[Problem]: Leave out the pictures and repeat exactly the lines from the one containing "Apple Watch 42MM" through the final line of the listing below.

[Data excerpt]:
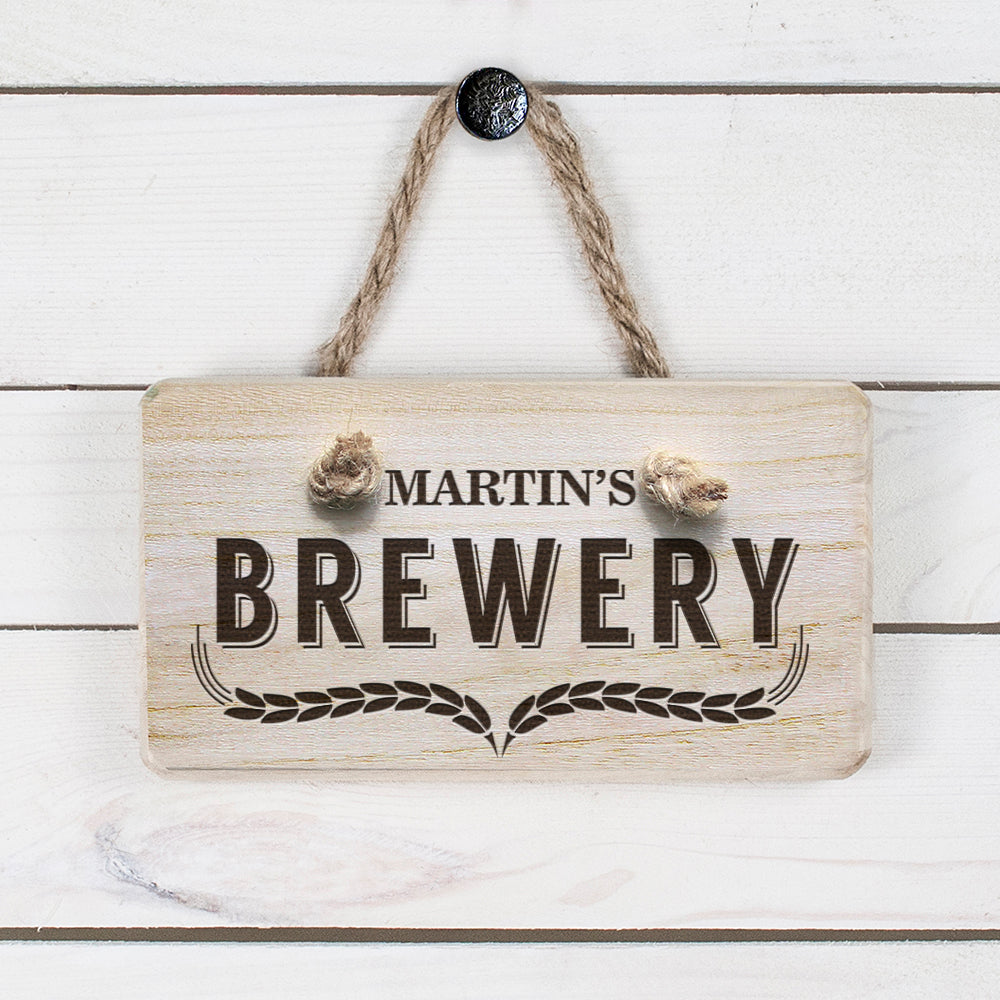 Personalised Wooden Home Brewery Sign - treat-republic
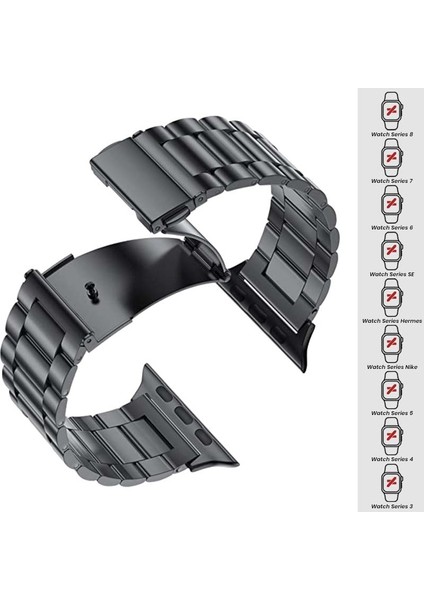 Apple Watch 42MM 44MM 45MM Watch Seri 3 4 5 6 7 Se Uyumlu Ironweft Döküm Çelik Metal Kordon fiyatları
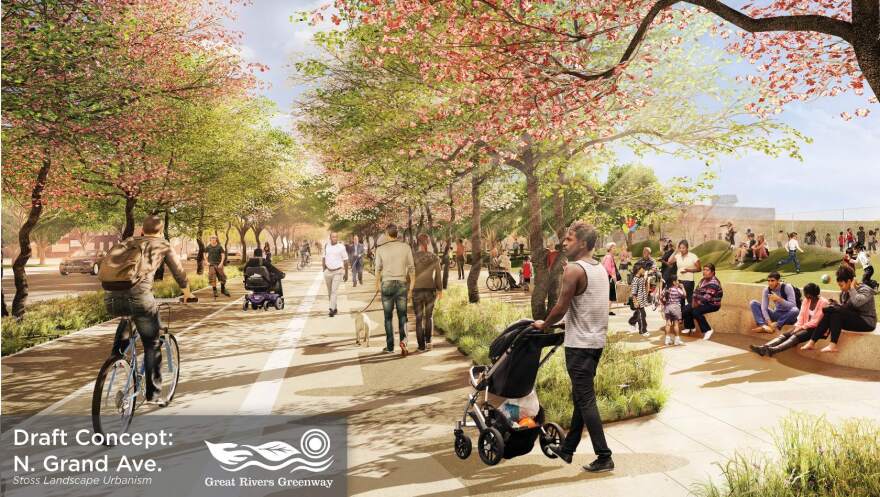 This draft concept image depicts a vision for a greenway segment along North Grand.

[Answer to this task]:
 Apple Watch 42MM 44MM 45MM Watch Seri 3 4 5 6 7 Se Uyumlu Ironweft Döküm Çelik Metal Kordon fiyatları
 This draft concept image depicts a vision for a greenway segment along North Grand.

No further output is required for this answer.